=== What to produce ===
Transcribe the entries below word for word, beginning at the line with "Legend of the Mer" and stopping after the line with "Steel Nordic Ring"; drop all pictures.

Data shown: Begin

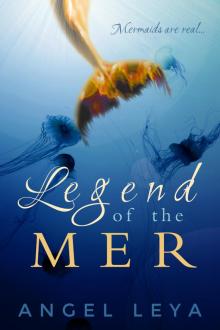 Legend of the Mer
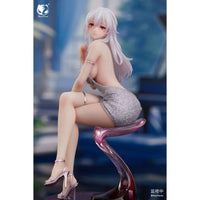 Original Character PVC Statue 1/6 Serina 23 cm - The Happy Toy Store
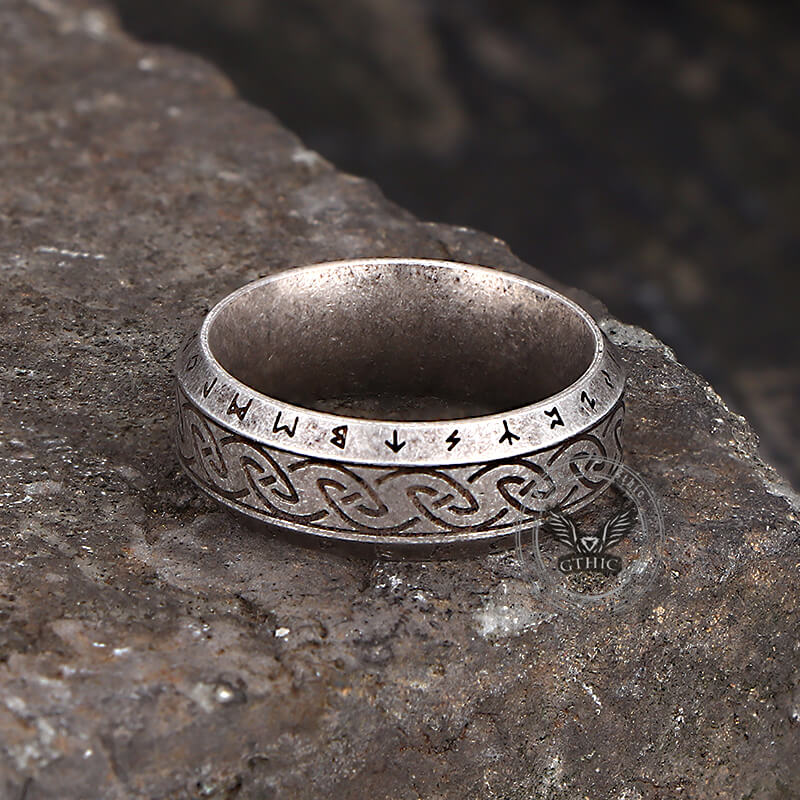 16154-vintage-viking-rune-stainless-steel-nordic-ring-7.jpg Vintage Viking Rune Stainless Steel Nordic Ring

Data shown: End
Data shown: Begin

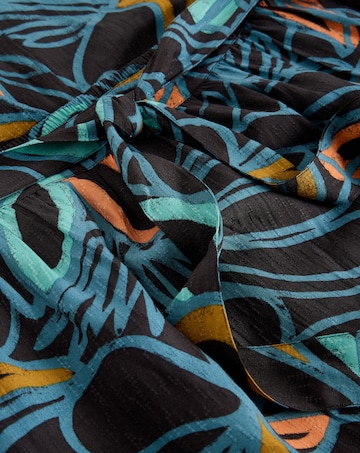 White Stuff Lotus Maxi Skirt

Data shown: End

=== Solution for this task ===
 Legend of the Mer
 Original Character PVC Statue 1/6 Serina 23 cm - The Happy Toy Store
 16154-vintage-viking-rune-stainless-steel-nordic-ring-7.jpg Vintage Viking Rune Stainless Steel Nordic Ring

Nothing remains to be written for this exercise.